No paths, no tracks, no footprints – all washed away. With no evidence that anyone has been there before you, only an experienced guide can lead you up the the main crater walls of New Zealand’s only live marine volcano, White Island or Whakaari. Twenty-seven nautical miles off the coast of Whakatane in the Bay of Plenty, the volcano was discovered by Captain Cook in 1769 but is estimated to be between 100,000 and 200,000 years old.
The landscape is ever-changing. In fact, this will probably be the last time I’ll see it as it is, as new grooves and new craters are formed all the time, eroded by the acidic water the island holds. Sulphurous steam belches from the rocks, tickling the throat – the Darth Vader-like masks distributed on the boat come in handy for dealing with the overwhelming smell.

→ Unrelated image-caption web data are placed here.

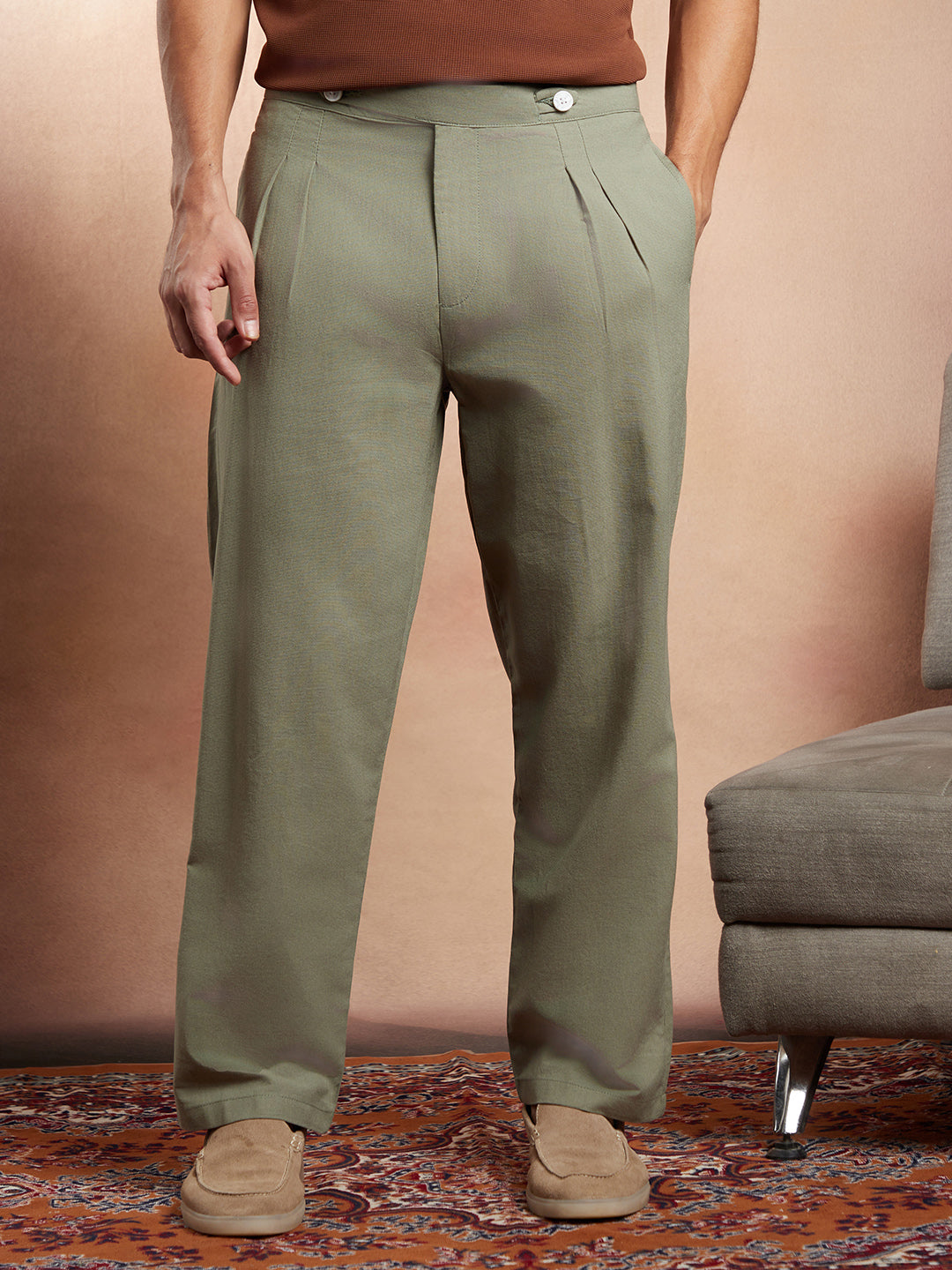 Campus Sutra Lightweight - Linen-Blend Cigrette Trousers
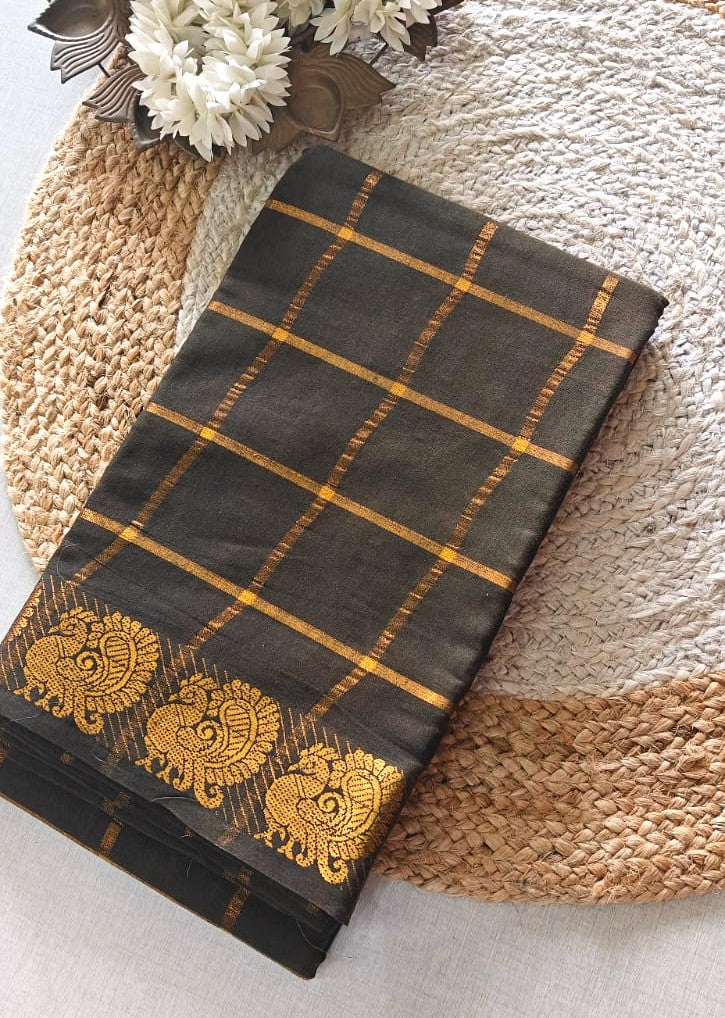Sungudi  pure cotton saree-premium zari kattam  saree -with running blouse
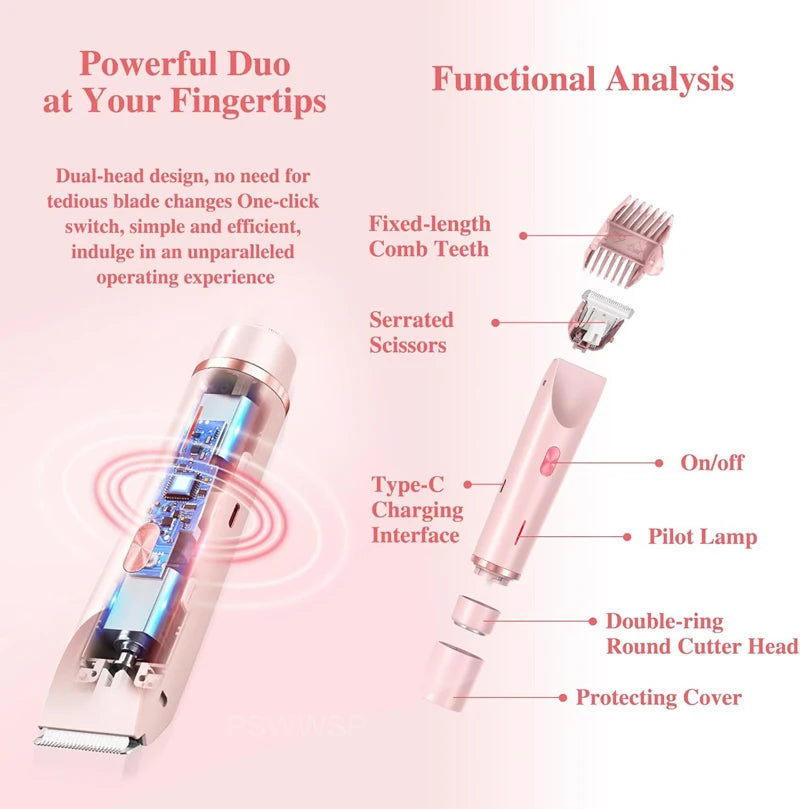 Electric Hair Remover for Women – Painless Facial Epilator & Body Hair Trimmer for Mustache, Legs, Bikini & Underarms | Gentle & Safe Shaver for Smooth Skin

Making my way to the main crater walls I’m acutely aware that I’m on unstable ground, feeling dwarfed by the mountain hissing and roaring around me. Up ahead is a palette of colours – dark red rocks, yellow sulphur and the turquoise water of the crater lake. The crater was formed after the eruption of 2000 and water appeared from underground in 2003.
The heat coming off the misty lake is palpable. The current depth is 24 metres, the highest to date. Count your blessings, the guide tells us – a full lake means low activity. When it starts to drain, best to find a big boulder to hide under or hightail it out of there. Comforting words.
It is an awe-inspiring experience. Walking the live volcano is like tiptoeing around a sleeping giant, knowing that one day it will awake – and hoping that we’ll be on safe ground when it does.